A mower was purchased. A lawn was mowed. But it’s me so you know it’s not that simple.
We went to Home Depot yesterday and I got a battery powered Ryobi lawn mower. It’s not a Porsche, it’s not a Pinto, it’s somewhere in between. I wasn’t looking for the best, I just needed the blades to be sharp and the wheels to be round.
Disclaimer: you’ll find that I keep my expectations fairly low which sounds sad, but it helps the optimist in me be pleasantly surprised when things go well. Whatever keeps your clock ticking, right?
The mower was all clean and shiny when it came out of the box and the first few push tests last night were easy. (insert a scoff here, now having finished the yard)
I plugged the battery in to charge overnight, turned the lights out (this will be an important detail later) and went to bed early.
The kids aren’t here this weekend so the first order of business for a Saturday morning is to sleep in as late as possible. Dottie (the girl dog) started howling at 7:15am. I spent the next 15 minutes Googling mussles for her. No purchase was made (yet) but threats were given.
After a few morning chores and consumption of much coffee, I dressed the part of an avid mowerist – shorts, tank top, sunglasses, Spotify, earbuds and Vitamin Water.
I ran inside to get the battery and to my dismay, it wasn’t charged. I turned the overhead light on to see the fine print and magically it started charging.
Then it hit me – I had chosen the one and only outlet in the house that turns on and off with the light switch. After some words I won’t repeat, I picked another outlet and watched the battery light blink at the starting line.
More four letter words inserted here.
I putz around until the battery was charged around 9am and head outside to rock my first mow job. I know that will baffle some of you, but I have never really mowed before. That was dad’s job in my house growing up. Not because it’s a man’s job, but because my dad loved to mow. Or at least that’s what I thought growing up. Now having done it, of course he didn’t love to mow. Who would love that hellish job? But I honestly thought he did when I was young. My bad.

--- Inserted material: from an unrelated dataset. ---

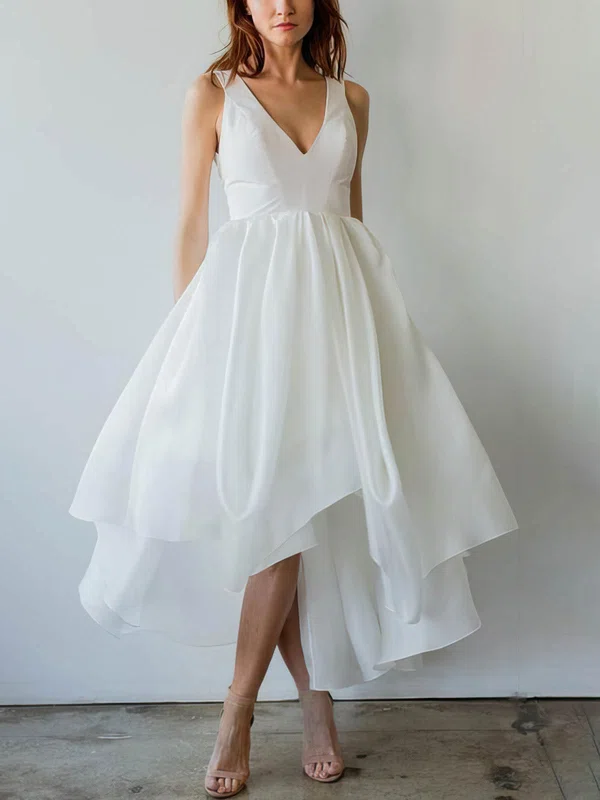 A-line V-neck Organza Asymmetrical Wedding Dresses #Milly00025539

A few things to think about before I go on:
I live on a rather large hill + It’s not a self-propelled mower + the grass is at least a foot high = I’m sweating to the oldies within 5 minutes.
Because the grass was so thick/high, I had to mow every row twice. I made it about half way down the hill before the battery gave out and left the great divide (see below).
So inside I go to charge the battery, and outside I go to get the weed whacker. I got about half way down the hill before the strings quit on me.
With no replacement spool, I ditched the whacker for the hedge trimmers. On the first blow they break apart, never to be bound again. I got a pair of utility scissors and went nuts on the bushes.
Disclaimer: I am extremely determined (some say stubborn, but I don’t talk to those people much) when I want to be.
The good Lord was trying to get me inside though because it’s now 11:something and 90 degrees. I’m drenched and my legs are bloody from wearing shorts while mowing/trimming. Pine cones are mean.
I go in for mass quantities of water and see that the battery has charged enough for me to finish the yard. It is now 12:30pm, over 90 degrees, 1000% humidity and the yard is only slighted shaded. Shoot me.
You should see the zigzag rows in the grass. Y’all, it looks like a drunkard mowed the bottom half of the yard today. It was so hot that I could actually see the Pokemon GO characters jumping around laughing at me. It was Mow-jo GO!
The battery died again as I was wrapping up, reinforcing that it was time to call it quits and cool down.
So let’s recap – it took one mower, two battery lives, one weed whacker, two extension cords, one hedge trimmer, one pair of utility scissors, one rake, four hours, six Vitamin Waters, three band-aids and two gallons of sweat to do my yard today…
And I’m not even finished.
$20 says I dream about Pokemon characters destroying my new lawn mower tonight.